The scheduled hearings follow a weekend in which Israel came under heavy criticism for banning hundreds of students from leaving Gaza for study abroad, including seven Palestinian students whose Fulbright scholarships to the United States were canceled because Israel wouldn’t let them leave Gaza. Upon learning that Israel would not let the Fulbright students out of Gaza, U.S. Secretary of State Condoleeza Rice said she would investigate the matter, noting that “if you cannot engage young people and give them a complete horizon to their expectations and to their dreams, then I don’t know that there would be any future for Palestine.” Prime Minister Olmert will travel to the U.S. tomorrow for meetings with Secretary Rice.
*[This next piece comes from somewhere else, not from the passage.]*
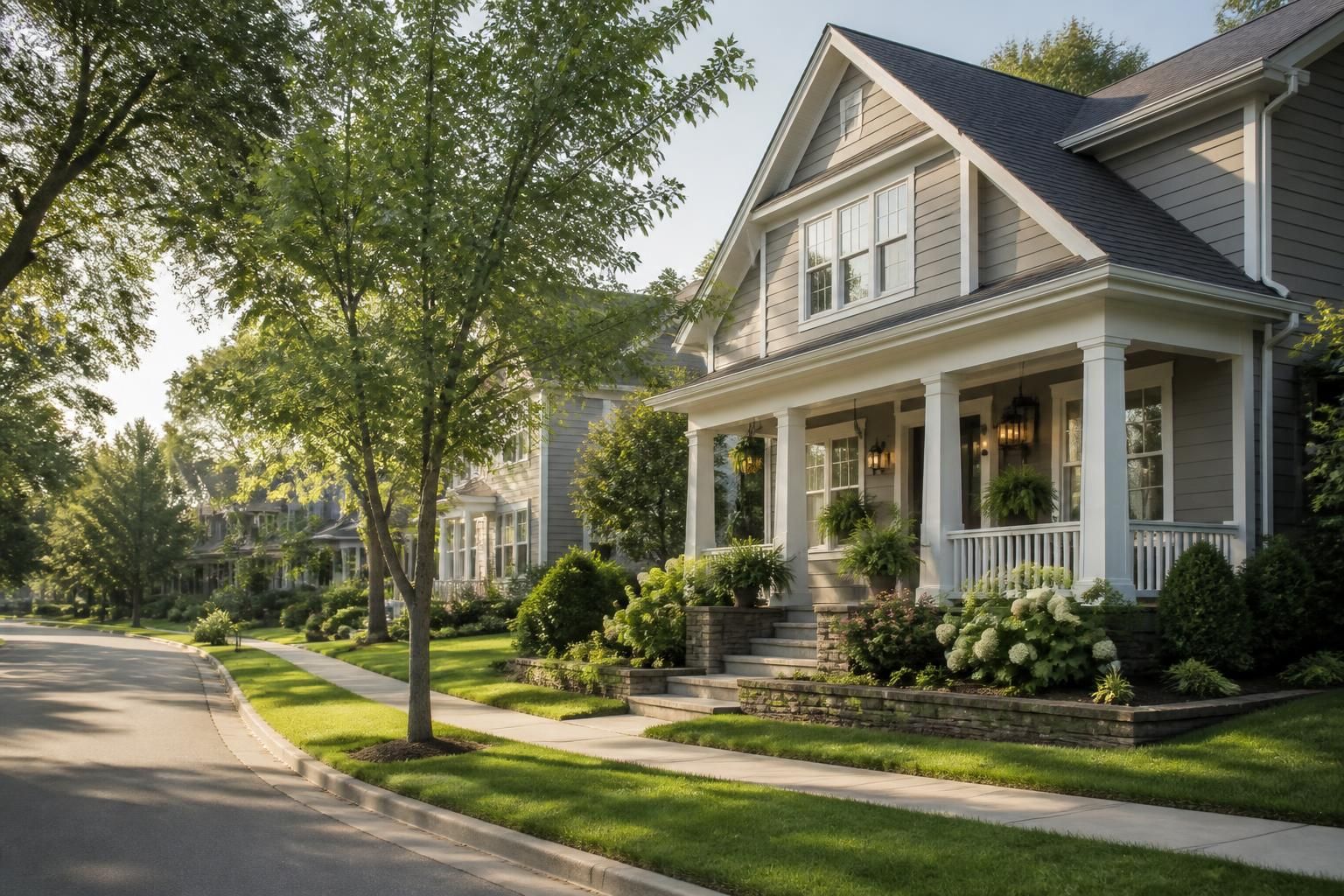 Attractive homes and mature landscaping along a clean street.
Even before the Fulbright debacle, lawmakers on the Knesset Education Committee urged the military last Wednesday to reverse the ban on students leaving Gaza, calling it collective punishment and noting Israel’s interest in letting Palestinian students access education.
A military spokesman has told reporters that Israel will reconsider the policy banning students from leaving Gaza for study abroad. Tomorrow’s hearings will be the first test of the willingness of Israel’s military to reconsider the ban on allowing Gaza students to study abroad.
The students whose petitions will be heard tomorrow are Wissam Abuajwa, 31, who has a full scholarship for a Master’s program in Environmental Science at Nottingham University in the U.K. and Nibal Nayef, 27, who has a full scholarship from the publicly-funded German foundation DAAD to study a doctorate in Computer Engineering at the Technische Universitat Kaiserslautern in Germany. Israel has refused to let the students leave, saying exit from Gaza will be permitted in urgent humanitarian cases only.
Abuajwa and Nayef are just two of the hundreds of Gaza residents unable to reach their studies abroad due to the closure which Israel has imposed on Gaza since June 2007.